- **Exercise data**:

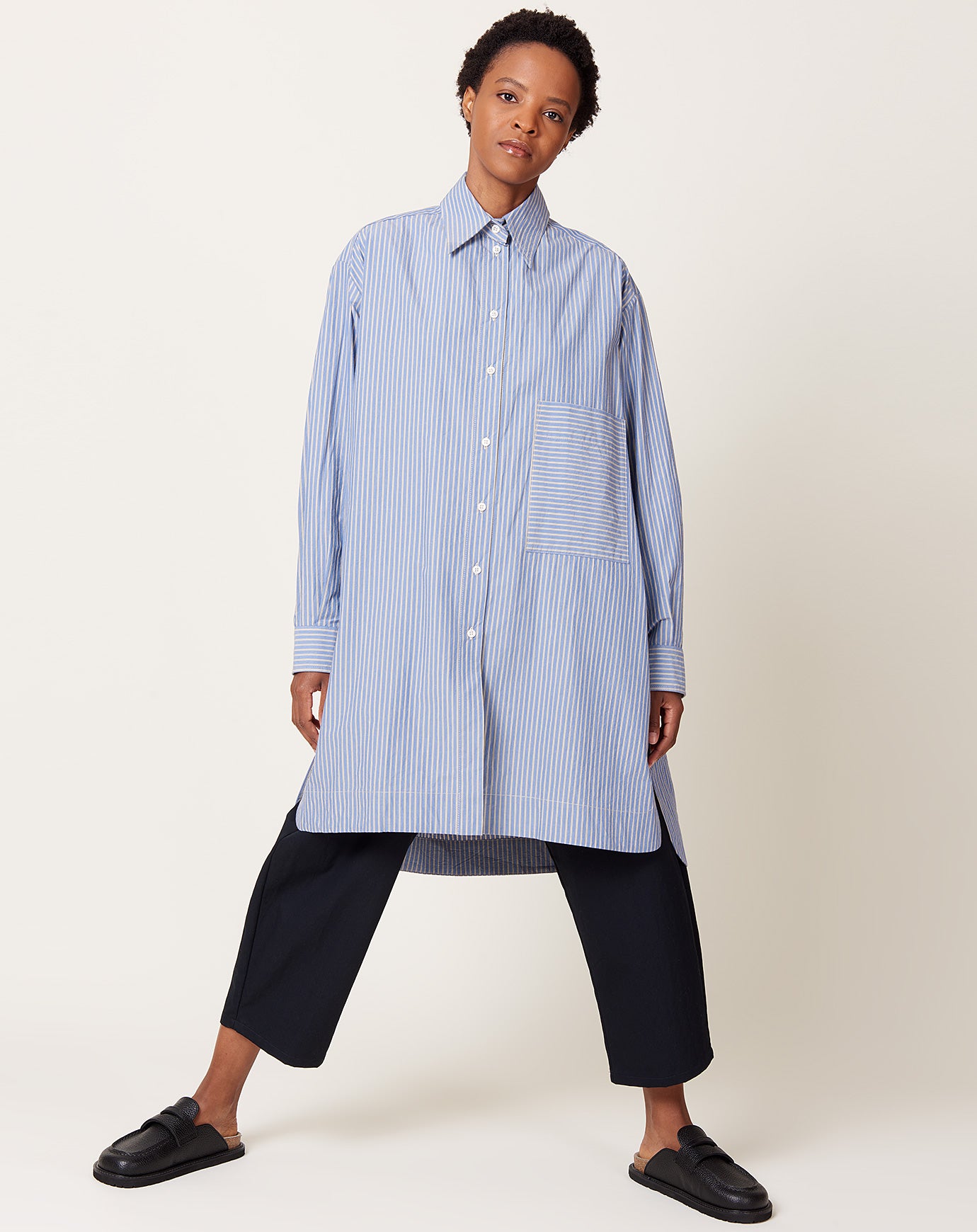 Cawley Japanese Stripe Shirting Big Shirt in Blue & Natural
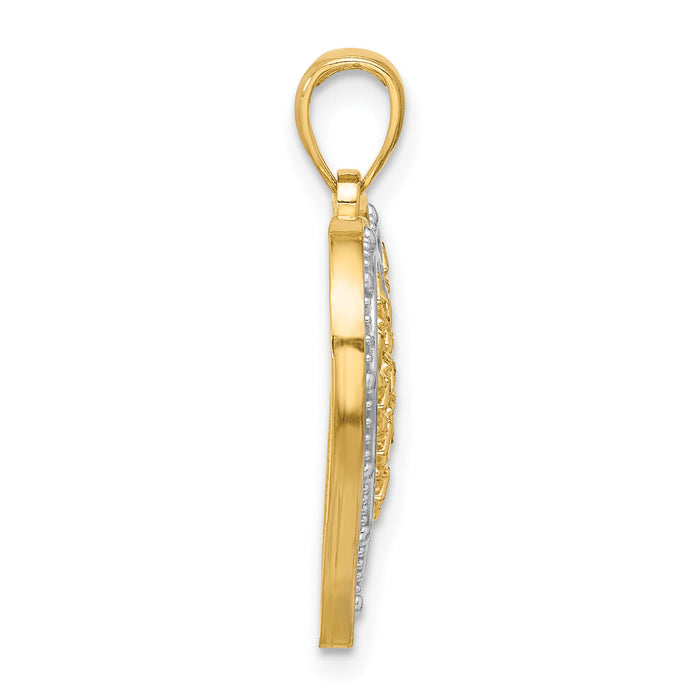 14k w/ Rhodium Edge Diamond-cut Heart Charm-K9265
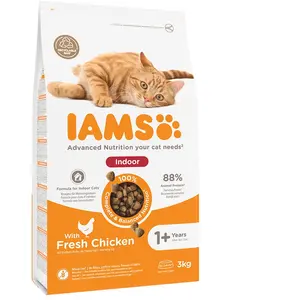 3kg IAMS for Vitality Adult Indoor poulet - Croquettes pour chat pas cher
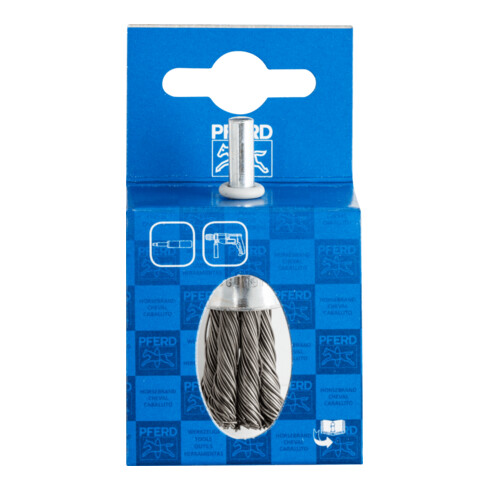 PFERD TOOLS POS Pinselbürste gezopft PBG Ø19 mm Schaft-Ø6 mm Stahl-Draht-Ø0,50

- **Brief**: The whole listing above, line by line, needs to be copied exactly, except for any images.

- **Expected answer**:
 Cawley Japanese Stripe Shirting Big Shirt in Blue & Natural
 14k w/ Rhodium Edge Diamond-cut Heart Charm-K9265
 3kg IAMS for Vitality Adult Indoor poulet - Croquettes pour chat pas cher
 PFERD TOOLS POS Pinselbürste gezopft PBG Ø19 mm Schaft-Ø6 mm Stahl-Draht-Ø0,50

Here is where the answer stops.